Policies need to be created with communities, not to communities. Well-intentioned people, Harris said, who were not from communities have made policies that have not worked for students.

“In many ways, we’re at square one when it comes to gaps in achievement,” Harris said.

Black Lives Matter, teacher strikes and the prison to pipeline movements have been starting conversations about education inequities, but Harris said that students and educators are still underrepresented in discussions about education reform.

“Often times, in my space, not a single educator, parent or student is in the space, much less on a panel,” Harris said. “I will not accept the panel invitation if there’s not an educator or student on it. Because they’re an expert, and they live the experience. If the room’s not hearing their ideas balanced against my ideas … then the conversation is not rich and robust. It’s my responsibility to say that I don’t want to participate in the warring between charter and non-charter, corporate reform … instead, I want to work towards solutions.”

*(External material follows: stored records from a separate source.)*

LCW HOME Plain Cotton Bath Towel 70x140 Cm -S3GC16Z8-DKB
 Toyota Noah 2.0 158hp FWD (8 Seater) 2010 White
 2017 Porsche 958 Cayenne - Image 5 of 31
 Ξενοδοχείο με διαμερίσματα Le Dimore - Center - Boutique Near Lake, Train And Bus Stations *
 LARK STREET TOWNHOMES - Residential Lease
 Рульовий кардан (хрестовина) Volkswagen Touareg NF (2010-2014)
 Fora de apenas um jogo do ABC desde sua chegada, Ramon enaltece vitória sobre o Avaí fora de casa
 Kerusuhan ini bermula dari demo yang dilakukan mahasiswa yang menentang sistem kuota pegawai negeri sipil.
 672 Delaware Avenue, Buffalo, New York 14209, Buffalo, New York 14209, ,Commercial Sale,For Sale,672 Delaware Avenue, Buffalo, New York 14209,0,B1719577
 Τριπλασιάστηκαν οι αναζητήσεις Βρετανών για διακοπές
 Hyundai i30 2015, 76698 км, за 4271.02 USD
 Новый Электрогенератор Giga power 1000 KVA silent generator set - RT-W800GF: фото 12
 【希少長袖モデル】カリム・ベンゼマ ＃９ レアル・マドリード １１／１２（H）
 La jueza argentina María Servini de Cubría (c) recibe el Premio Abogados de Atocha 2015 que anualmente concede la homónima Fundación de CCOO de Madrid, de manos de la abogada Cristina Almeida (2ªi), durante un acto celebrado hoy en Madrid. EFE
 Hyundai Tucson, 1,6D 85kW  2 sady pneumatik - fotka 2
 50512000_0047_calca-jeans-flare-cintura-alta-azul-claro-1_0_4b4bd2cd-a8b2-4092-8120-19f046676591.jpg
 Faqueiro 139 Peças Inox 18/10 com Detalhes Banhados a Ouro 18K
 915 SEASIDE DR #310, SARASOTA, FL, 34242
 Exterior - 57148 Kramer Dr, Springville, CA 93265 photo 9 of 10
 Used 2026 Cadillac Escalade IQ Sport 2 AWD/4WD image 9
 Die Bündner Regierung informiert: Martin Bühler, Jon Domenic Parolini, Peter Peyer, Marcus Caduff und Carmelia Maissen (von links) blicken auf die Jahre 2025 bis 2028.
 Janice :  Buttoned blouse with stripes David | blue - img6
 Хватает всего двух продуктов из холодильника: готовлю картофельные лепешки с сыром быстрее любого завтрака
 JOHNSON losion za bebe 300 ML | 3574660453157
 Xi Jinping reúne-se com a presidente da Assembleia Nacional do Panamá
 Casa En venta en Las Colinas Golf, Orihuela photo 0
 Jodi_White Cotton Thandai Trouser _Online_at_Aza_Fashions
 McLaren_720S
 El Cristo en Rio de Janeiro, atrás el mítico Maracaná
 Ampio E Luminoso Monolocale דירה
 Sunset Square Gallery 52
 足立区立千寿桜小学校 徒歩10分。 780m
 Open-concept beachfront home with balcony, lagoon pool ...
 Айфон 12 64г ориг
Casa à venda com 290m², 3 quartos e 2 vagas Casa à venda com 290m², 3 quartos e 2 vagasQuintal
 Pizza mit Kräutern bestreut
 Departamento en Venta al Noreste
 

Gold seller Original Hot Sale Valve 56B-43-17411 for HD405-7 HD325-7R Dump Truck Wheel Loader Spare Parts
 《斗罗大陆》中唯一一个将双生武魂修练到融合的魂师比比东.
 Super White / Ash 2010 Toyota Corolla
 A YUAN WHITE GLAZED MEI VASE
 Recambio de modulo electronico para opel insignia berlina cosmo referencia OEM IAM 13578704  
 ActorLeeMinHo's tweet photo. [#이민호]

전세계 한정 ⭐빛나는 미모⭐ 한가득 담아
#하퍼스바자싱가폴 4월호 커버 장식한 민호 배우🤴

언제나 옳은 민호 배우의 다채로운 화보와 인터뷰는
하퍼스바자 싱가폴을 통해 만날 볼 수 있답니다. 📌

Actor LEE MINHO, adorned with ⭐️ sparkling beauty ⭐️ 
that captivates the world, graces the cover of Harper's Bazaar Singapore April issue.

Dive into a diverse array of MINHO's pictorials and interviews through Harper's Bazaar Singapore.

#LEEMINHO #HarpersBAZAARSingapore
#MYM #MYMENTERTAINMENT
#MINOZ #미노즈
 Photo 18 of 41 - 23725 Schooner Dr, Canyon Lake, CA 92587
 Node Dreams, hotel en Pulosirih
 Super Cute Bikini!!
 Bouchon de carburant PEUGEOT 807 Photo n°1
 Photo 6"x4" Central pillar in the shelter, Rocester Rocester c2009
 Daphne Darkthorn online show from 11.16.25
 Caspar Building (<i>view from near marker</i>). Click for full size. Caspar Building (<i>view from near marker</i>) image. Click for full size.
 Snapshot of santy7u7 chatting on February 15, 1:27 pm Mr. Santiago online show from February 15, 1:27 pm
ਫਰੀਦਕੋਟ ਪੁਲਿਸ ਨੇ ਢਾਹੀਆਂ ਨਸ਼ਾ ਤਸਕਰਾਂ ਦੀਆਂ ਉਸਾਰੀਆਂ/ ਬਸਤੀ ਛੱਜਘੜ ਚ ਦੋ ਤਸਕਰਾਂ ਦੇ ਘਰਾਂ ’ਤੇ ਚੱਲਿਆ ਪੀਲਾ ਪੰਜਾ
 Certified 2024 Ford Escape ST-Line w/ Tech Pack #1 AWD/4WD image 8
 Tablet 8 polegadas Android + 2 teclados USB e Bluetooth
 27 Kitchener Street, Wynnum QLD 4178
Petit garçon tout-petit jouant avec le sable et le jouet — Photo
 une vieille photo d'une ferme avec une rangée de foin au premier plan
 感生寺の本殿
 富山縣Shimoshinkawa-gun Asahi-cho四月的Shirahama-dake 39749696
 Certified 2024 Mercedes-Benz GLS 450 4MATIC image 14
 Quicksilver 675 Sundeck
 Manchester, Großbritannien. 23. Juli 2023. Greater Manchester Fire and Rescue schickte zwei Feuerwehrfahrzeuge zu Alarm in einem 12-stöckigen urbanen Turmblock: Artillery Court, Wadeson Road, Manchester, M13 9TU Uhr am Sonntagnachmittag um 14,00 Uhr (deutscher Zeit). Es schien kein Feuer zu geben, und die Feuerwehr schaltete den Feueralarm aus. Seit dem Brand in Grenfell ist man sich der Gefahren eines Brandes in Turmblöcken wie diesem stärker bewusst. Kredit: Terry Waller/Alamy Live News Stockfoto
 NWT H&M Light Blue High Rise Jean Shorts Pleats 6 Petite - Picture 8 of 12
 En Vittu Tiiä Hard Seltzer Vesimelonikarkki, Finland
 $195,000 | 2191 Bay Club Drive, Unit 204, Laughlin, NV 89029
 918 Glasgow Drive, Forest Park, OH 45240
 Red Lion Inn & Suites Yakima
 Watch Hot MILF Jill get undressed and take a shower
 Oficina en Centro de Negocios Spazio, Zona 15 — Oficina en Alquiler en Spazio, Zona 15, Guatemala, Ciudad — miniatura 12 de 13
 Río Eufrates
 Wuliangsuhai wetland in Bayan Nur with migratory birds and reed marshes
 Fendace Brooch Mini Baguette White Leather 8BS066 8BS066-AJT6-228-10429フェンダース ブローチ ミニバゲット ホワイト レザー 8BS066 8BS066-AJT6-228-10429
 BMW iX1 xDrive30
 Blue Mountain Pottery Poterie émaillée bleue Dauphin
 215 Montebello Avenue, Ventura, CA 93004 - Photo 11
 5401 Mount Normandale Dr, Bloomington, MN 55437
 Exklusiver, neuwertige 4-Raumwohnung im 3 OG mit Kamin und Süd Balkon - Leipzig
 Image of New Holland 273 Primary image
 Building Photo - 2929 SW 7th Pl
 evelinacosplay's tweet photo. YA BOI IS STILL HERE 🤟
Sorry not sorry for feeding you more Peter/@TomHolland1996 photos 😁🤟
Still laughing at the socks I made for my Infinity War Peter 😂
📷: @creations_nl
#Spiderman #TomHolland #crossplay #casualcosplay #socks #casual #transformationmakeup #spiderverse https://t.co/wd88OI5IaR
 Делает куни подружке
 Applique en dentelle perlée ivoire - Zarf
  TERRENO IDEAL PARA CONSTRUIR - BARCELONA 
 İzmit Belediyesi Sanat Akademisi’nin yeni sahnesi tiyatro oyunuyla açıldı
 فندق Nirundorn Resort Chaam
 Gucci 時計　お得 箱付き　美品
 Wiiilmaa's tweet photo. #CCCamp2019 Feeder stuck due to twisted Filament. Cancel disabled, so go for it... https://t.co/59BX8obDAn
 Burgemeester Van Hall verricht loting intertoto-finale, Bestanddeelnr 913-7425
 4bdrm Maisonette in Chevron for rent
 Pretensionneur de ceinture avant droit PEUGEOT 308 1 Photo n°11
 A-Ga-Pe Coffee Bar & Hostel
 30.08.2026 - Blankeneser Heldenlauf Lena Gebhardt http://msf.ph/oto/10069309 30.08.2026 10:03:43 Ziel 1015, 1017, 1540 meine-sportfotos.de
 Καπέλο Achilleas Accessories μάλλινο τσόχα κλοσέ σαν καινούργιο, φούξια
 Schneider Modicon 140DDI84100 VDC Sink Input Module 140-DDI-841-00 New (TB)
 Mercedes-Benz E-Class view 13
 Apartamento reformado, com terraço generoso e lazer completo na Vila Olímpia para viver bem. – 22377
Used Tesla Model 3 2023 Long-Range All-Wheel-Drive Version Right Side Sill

Harris concluded by reminding the audience that it is important to use people-first language to ensure that it is clear for whom they are fighting. She also advised against romanticizing Brown v. Board because the concept means that if black and white kids simply sit together, black kids will get a better education. This led to many black teachers and teachers of color losing their jobs.

“We also can’t sit on our high horses, either from academia or a think-tank or wherever we may work, and say we have the answers,” Harris said. “If your practice doesn’t take a race equity lens, if your practice does not support people coming to the table and really brainstorming and co-creating together, then you’re probably creating a policy that’s going to lead to another round of EduWars. Policy has to be done with community and not to community.”

Black people often don’t want to pull their kids out of the local schools, Harris specified, but that’s not what many people who support charter schools say.

“Actually, black people love strong communities,” Harris said. “Latinx people love strong communities. White people love strong communities. There’s no difference between us in that way. Sometimes, the reforms and the policies that are being suggested prey on the vulnerability of community for the sake of that person’s idea instead of going to those people and asking them what they really need.”

Jessica Garcia, ’20, said she appreciated Harris’s focus on community-based solutions.

“I had no knowledge of charter, public, all of these different things, and I like that she struck a balance between the good and bad of all of these institutions,” Garcia said. “Also, (Harris) described a solution that was based on focusing on community, which I really appreciated.”

Bulgarides said he took a lot from the lecture in relation to his own studies.

“Dr. Harris, unlike so many other visitors that we’ve had at Allegheny, did not lecture to us but engaged in a dialogue with us,” Bulgarides said. “For students who have not taken education courses, she certainly gave us reasons to care about inequity in education. She was a symbol of hope and progress.”